[EXERCISE]: Please filter the data below down to the lines holding the string "cruise".

[RECORDS TO PROCESS]:
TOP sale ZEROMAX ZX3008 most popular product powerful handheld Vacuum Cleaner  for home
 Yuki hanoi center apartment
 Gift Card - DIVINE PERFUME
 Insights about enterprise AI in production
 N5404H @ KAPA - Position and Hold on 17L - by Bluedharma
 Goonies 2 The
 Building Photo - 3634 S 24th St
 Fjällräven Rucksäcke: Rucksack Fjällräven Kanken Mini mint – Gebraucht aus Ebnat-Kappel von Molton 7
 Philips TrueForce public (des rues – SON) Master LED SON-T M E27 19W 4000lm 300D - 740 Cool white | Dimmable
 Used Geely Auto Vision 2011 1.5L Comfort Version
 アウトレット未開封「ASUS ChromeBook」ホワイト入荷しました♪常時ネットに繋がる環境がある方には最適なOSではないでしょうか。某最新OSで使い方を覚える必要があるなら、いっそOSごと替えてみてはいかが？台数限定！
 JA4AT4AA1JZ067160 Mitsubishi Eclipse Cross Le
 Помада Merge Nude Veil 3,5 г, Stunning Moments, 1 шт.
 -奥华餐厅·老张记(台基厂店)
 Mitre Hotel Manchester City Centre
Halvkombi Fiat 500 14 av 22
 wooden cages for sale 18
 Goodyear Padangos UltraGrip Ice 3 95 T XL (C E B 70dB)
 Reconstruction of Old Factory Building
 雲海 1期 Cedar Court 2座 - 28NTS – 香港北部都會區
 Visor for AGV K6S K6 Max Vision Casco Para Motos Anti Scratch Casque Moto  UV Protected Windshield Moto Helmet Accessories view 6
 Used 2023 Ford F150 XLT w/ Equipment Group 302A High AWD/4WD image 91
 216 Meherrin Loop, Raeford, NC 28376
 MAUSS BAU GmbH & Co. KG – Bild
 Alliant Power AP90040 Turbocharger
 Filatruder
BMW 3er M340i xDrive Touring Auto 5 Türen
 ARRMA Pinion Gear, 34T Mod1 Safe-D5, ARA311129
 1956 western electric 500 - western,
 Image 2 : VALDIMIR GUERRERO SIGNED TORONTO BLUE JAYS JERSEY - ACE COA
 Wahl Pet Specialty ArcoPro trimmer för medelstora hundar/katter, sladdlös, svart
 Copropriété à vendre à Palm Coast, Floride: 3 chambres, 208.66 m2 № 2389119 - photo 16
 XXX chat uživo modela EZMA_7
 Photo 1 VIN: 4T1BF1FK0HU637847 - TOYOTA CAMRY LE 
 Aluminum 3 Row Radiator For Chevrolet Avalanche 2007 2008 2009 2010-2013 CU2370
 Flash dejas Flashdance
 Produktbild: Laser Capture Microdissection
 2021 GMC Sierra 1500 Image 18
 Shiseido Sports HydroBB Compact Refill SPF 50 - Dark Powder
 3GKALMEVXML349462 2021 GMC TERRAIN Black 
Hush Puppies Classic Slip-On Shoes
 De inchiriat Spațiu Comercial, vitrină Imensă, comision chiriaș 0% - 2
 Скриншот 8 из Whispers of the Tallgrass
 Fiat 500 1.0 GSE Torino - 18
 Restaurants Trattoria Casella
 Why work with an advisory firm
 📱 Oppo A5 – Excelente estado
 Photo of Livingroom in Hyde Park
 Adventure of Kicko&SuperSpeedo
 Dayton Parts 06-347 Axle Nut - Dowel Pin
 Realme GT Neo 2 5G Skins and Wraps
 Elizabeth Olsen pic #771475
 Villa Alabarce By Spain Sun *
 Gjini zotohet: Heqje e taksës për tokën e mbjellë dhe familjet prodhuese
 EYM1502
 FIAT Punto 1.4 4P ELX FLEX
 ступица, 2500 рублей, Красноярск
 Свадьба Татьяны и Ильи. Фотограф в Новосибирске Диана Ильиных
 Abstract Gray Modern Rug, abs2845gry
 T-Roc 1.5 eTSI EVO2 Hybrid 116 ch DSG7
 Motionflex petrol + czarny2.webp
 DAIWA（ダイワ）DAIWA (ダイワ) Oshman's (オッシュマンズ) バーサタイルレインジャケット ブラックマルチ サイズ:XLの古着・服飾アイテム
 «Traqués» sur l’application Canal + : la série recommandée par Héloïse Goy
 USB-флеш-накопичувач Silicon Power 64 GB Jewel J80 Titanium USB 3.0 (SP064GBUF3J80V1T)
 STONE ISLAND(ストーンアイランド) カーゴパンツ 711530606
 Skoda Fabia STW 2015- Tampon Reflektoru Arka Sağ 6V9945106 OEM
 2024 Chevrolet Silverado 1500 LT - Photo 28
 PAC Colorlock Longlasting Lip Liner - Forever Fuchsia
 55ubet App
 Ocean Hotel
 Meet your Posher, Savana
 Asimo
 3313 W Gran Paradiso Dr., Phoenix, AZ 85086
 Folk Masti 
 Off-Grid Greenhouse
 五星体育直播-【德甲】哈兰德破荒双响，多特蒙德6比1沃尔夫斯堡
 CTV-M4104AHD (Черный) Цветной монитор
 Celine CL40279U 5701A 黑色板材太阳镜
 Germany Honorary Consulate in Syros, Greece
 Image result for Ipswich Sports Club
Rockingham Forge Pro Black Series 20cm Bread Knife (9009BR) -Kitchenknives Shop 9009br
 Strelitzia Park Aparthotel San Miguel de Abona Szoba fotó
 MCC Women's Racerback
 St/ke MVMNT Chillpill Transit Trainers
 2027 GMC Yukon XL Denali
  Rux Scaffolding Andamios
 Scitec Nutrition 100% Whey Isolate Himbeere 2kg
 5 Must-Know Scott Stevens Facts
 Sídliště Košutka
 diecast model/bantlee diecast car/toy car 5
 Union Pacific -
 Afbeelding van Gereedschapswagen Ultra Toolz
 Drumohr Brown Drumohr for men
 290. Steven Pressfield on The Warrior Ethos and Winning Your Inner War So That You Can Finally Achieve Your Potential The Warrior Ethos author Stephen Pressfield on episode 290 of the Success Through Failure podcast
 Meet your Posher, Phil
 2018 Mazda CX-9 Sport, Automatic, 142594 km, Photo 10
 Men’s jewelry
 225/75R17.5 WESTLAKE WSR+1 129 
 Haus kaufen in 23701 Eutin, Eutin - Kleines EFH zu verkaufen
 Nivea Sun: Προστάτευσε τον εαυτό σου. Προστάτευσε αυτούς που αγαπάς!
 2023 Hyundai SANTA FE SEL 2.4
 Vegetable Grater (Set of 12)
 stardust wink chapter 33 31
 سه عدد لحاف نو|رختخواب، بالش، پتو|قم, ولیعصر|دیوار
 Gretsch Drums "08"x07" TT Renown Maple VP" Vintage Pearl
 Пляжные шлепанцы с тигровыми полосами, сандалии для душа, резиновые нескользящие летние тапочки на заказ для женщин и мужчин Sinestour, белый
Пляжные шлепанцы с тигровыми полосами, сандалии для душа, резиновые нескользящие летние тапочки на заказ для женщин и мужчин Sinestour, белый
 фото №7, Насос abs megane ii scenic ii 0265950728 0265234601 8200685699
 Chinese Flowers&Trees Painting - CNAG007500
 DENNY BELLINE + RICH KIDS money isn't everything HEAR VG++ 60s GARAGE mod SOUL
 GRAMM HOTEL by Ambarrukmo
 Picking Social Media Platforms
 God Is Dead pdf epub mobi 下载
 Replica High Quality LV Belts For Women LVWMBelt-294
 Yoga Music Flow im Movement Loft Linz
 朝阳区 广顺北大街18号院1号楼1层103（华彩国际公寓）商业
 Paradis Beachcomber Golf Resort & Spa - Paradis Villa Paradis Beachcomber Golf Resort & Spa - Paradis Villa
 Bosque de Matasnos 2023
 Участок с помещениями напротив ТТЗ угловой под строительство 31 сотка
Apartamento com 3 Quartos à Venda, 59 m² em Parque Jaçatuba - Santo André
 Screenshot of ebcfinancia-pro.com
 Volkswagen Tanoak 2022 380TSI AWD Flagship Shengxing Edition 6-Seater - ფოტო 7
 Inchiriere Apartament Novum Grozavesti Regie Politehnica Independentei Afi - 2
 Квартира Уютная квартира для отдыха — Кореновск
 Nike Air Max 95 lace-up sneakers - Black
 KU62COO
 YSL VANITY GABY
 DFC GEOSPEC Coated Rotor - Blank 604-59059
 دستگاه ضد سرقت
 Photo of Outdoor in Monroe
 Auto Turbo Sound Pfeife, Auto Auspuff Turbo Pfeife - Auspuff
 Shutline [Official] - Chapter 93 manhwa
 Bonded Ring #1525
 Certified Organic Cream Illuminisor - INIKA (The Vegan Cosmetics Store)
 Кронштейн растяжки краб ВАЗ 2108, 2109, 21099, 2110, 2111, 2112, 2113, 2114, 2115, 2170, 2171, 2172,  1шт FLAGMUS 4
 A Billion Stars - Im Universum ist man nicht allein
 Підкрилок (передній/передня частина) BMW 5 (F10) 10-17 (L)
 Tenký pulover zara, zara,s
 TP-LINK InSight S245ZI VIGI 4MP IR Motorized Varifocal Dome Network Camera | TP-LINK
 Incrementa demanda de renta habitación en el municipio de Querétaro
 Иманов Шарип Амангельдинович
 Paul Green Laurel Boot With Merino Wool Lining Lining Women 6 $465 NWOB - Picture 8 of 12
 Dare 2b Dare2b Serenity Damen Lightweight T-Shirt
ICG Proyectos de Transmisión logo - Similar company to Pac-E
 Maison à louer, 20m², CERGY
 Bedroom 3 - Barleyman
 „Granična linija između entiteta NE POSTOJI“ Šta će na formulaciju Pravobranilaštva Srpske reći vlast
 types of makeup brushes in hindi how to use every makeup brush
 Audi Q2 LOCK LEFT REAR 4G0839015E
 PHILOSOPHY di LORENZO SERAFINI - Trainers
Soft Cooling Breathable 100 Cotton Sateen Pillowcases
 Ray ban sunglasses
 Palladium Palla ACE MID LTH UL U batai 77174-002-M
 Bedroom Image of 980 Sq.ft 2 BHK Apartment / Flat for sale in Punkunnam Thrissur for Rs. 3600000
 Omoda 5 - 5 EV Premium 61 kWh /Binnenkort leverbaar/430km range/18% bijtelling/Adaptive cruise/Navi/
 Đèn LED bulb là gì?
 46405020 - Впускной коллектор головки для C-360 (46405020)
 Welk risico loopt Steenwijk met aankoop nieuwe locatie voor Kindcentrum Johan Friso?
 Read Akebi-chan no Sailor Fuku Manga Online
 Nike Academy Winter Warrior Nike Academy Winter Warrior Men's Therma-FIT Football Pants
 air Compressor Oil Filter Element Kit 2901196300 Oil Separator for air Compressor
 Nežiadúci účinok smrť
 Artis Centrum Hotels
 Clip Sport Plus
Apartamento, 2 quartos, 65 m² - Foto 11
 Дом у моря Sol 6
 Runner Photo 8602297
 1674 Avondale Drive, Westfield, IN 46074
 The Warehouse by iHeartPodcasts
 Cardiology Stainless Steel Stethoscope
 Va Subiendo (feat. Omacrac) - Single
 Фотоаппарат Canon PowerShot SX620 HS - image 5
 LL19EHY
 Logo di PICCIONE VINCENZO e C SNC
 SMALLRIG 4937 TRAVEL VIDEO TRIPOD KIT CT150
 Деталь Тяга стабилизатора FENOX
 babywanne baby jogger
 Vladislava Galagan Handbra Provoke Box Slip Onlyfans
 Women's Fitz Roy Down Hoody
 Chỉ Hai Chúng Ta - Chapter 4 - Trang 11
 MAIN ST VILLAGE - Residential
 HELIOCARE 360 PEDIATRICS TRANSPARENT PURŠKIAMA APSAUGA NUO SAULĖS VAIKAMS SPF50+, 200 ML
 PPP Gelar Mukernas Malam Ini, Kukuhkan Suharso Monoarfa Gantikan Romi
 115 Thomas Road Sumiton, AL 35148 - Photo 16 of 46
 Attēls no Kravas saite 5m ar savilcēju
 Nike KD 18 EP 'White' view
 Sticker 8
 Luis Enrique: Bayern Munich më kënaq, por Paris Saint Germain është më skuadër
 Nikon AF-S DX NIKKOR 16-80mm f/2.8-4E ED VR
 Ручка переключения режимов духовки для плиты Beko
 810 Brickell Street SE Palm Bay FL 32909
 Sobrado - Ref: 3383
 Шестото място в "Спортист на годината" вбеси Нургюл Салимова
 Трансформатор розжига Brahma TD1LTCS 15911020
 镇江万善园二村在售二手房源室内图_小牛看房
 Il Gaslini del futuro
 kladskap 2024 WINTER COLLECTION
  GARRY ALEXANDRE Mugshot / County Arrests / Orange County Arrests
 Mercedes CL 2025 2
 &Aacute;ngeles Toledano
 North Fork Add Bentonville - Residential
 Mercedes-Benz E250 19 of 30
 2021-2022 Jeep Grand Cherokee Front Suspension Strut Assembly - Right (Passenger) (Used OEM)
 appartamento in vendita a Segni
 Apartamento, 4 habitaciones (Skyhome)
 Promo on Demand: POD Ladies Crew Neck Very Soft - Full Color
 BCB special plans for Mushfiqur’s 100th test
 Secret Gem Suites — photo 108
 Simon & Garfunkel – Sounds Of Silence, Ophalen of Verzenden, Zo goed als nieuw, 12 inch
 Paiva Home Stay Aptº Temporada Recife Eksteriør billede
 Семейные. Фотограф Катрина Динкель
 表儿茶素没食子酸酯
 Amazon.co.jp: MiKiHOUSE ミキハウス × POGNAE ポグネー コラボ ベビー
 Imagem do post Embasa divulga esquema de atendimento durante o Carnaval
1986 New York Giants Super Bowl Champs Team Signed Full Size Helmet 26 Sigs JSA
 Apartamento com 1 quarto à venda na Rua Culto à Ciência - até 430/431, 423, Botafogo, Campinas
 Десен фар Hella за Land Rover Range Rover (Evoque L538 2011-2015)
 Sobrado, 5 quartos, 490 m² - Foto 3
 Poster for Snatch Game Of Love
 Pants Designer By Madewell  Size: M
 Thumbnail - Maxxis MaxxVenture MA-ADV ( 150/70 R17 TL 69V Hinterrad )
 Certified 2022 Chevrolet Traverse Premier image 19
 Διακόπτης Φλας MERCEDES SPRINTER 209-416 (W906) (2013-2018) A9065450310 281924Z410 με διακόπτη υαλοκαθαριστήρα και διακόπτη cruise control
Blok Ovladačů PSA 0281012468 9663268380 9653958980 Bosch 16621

[RESPONSE BELOW]:
 Omoda 5 - 5 EV Premium 61 kWh /Binnenkort leverbaar/430km range/18% bijtelling/Adaptive cruise/Navi/
 Διακόπτης Φλας MERCEDES SPRINTER 209-416 (W906) (2013-2018) A9065450310 281924Z410 με διακόπτη υαλοκαθαριστήρα και διακόπτη cruise control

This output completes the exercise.